Hampton Inn Offers Me Refund For Canceled Reservation, Changes Its Mind And Charges Me $500

This Hampton Inn first promised to refund a guest's reservation, then claimed it never said such a thing.

This Hampton Inn first promised to refund a guest’s reservation, then claimed it never said such a thing.

Many hotels have rather strict cancellation policies, which is understandable since it’s bad for business if people book rooms and then fail to show up. What’s not so understandable is a hotel that decides it has a strict cancellation policy after it’s allowed a guest to cancel and provided her with a cancellation number.

This is what Consumerist reader Amy says happened to her mother recently with a Hampton Inn here in Pennsylvania.

According to Amy, her mom had to cancel her reservation due to a family emergency, so she contacted the hotel to see what its policy is.

“She was told she had plenty of time to cancel,” writes Amy. “So she spoke to a nice young woman who said she would take care of the cancellation, and gave her a cancellation number. At this point we thought everything was taken care of.”

But a few weeks later, Amy’s mom looks at her bank statement and sees that the hotel had gone ahead and hit her with a $500 charge for her entire canceled reservation.

“She called the Hampton Inn and they said it would have to be something that was dealt with through their corporate office,” Amy tells Consumerist. “When she called the corporate office they informed her that she had actually booked a no-cancellation room, which was her own fault.
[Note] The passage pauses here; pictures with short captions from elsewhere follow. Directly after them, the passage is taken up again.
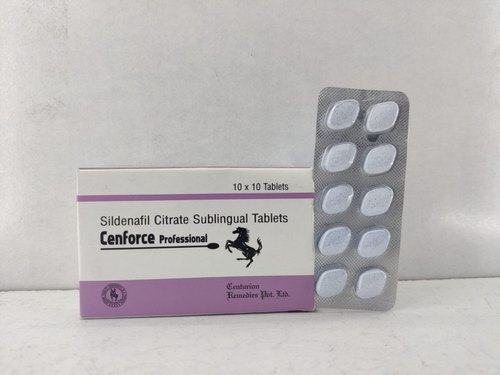 Cenforcee Professional Sildenaafill 100mg Tablet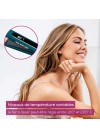 Lisseur cheveux professionnel HS50 haute température pour tous types de cheveux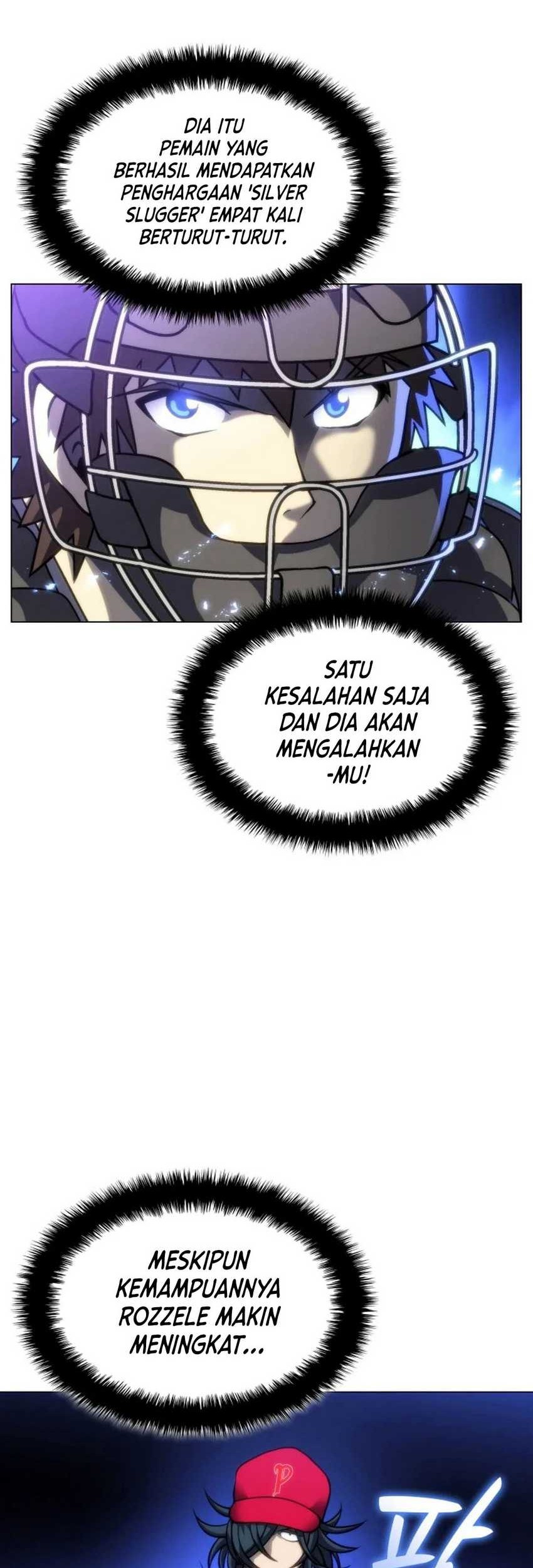 Home Plate Villain Chapter 59 - halaman 19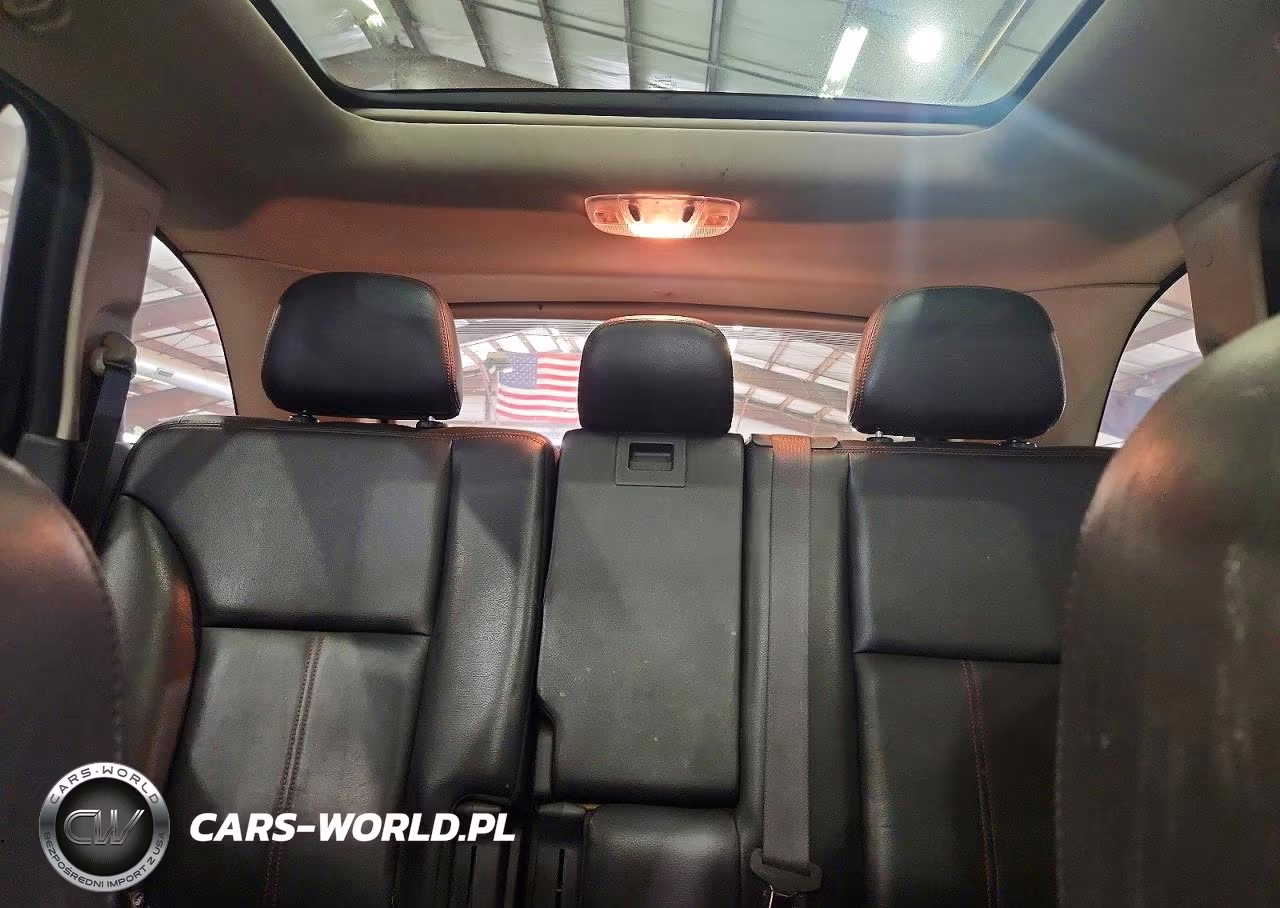 2013 Ford Edge Sel VIN:2FMDK3J90DBA46843 - 10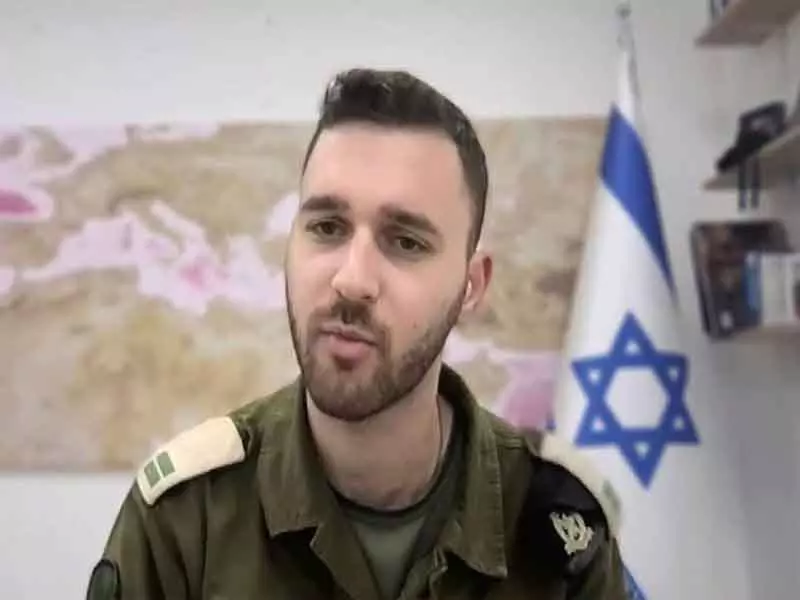 IDF प्रवक्ता: Lebanon में संभावित ज़मीनी हमले पर सभी पत्ते मेज़ पर IDF प्रवक्ता: Lebanon में संभावित ज़मीनी हमले पर सभी पत्ते मेज़ पर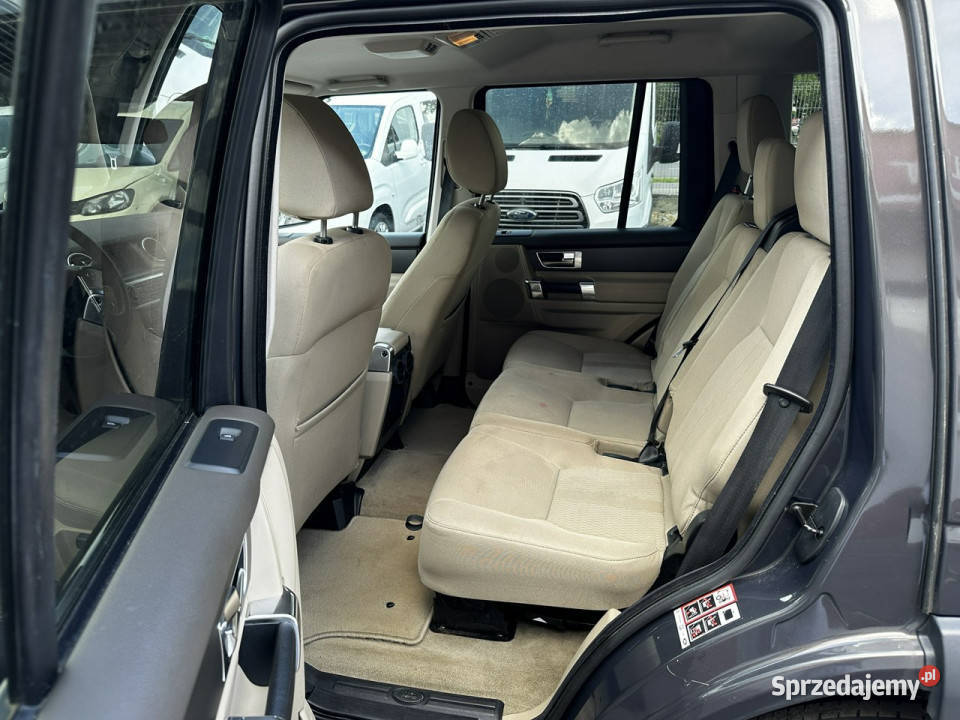 Land Rover Discovery Discovery IV 30SD V6 HSE dolnośląskie Syców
HOWEVER they said that since the hotel made the mistake of saying we could get a full refund, and even issuing her a cancellation number then they should still be able to refund the full rate, they just had to check with the hotel first.”

Another couple of weeks go by, and Amy’s mom gets a call from someone at Hilton, the parent company for Hampton Inn.

The Hilton rep gave her the bad news that the hotel is now denying that it ever offered Amy’s mom a refund on her reservation.

“The woman at the corporate office even said that if it were up to them they would just refund it, but those decisions are made by the individual hotels,” says Amy. “So even though we have a cancellation number, the hotel just says ‘oh well that never happened’ and my mother is out $500.”

Amy says she completely understands that her mother may have reserved a non-refundable room, but doesn’t understand why Hampton Inn failed to mention this when it promised to refund her mother the full amount of her reservation. Instead, it waster five weeks of everyone’s time, all just to end up with an unhappy customer who probably won’t be staying at a Hilton-owned hotel anytime soon.

We’re reaching out to Hilton to see if it has a side to this story that might explain why the hotel first told Amy’s mom it would refund her reservation and why it took so long to suddenly realize she’d made a non-refundable reservation.

UPDATE: After putting Amy and her mom in touch with Hilton HQ, they were able to get a refund for the full amount.